[Exercise materials Boundary: Start]

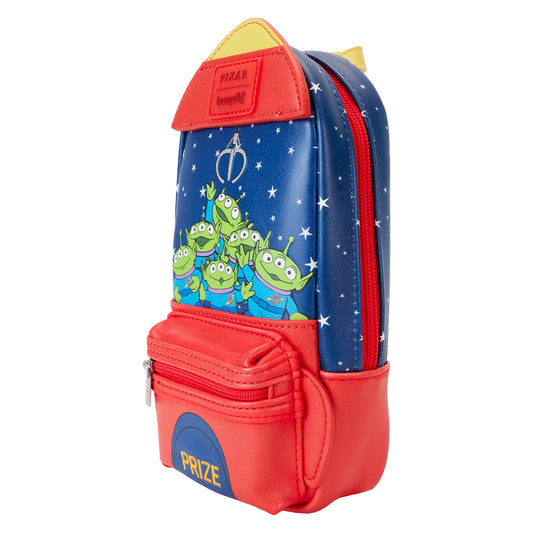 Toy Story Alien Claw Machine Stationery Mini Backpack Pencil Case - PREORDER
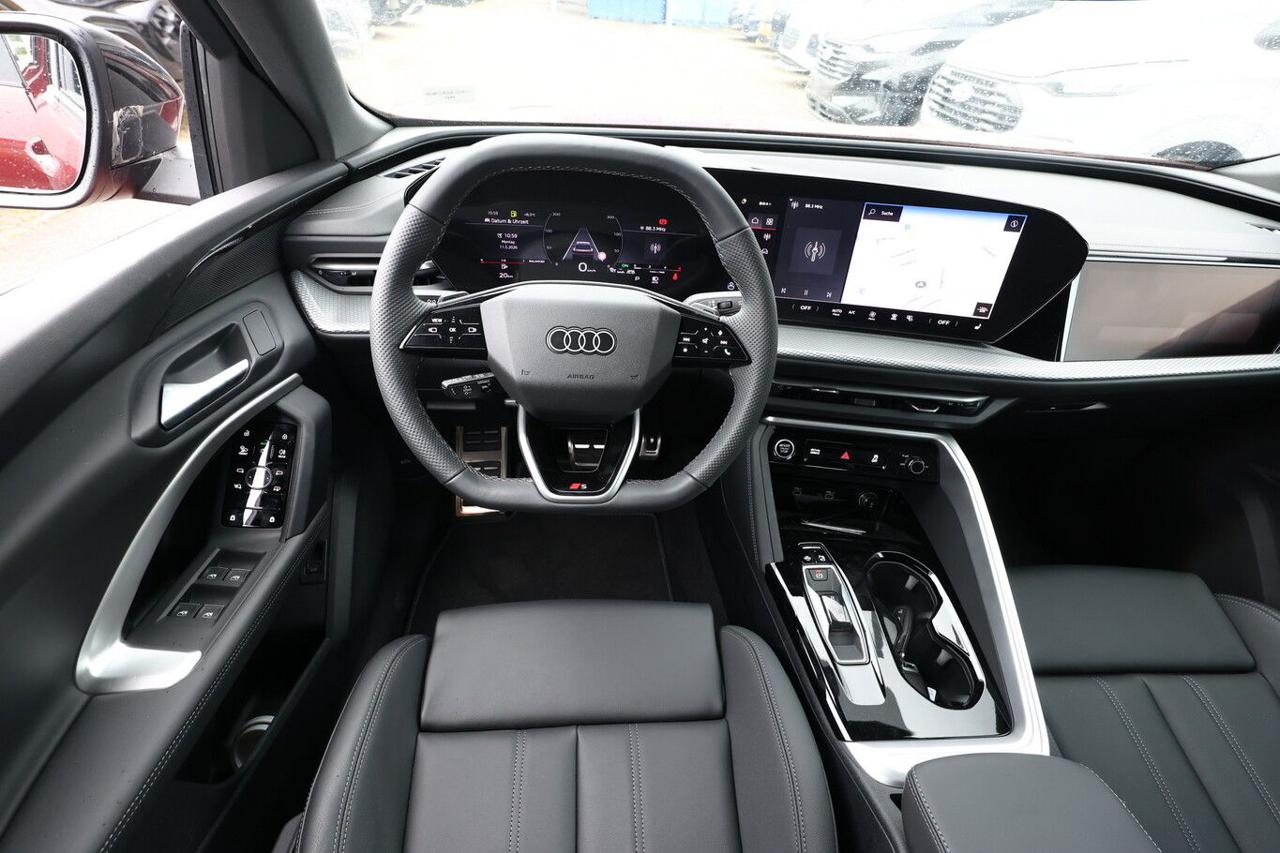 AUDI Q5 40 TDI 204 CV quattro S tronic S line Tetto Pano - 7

[Exercise materials Boundary: End]
[Exercise materials Boundary: Start]

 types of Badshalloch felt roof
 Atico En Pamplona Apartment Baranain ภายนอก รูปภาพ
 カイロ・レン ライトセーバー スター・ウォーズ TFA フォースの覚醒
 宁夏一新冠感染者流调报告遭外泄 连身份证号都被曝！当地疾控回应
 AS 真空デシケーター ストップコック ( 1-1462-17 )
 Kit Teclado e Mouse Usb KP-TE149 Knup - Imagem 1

[Exercise materials Boundary: End]

# [What you are asked to do]
Start with the line with "Toy Story Alien" in the listing above and stop after the line with "AUDI Q5 40 TDI". Write out exactly the lines in that stretch and no others, without pictures.

# [Answer space]
 Toy Story Alien Claw Machine Stationery Mini Backpack Pencil Case - PREORDER
 AUDI Q5 40 TDI 204 CV quattro S tronic S line Tetto Pano - 7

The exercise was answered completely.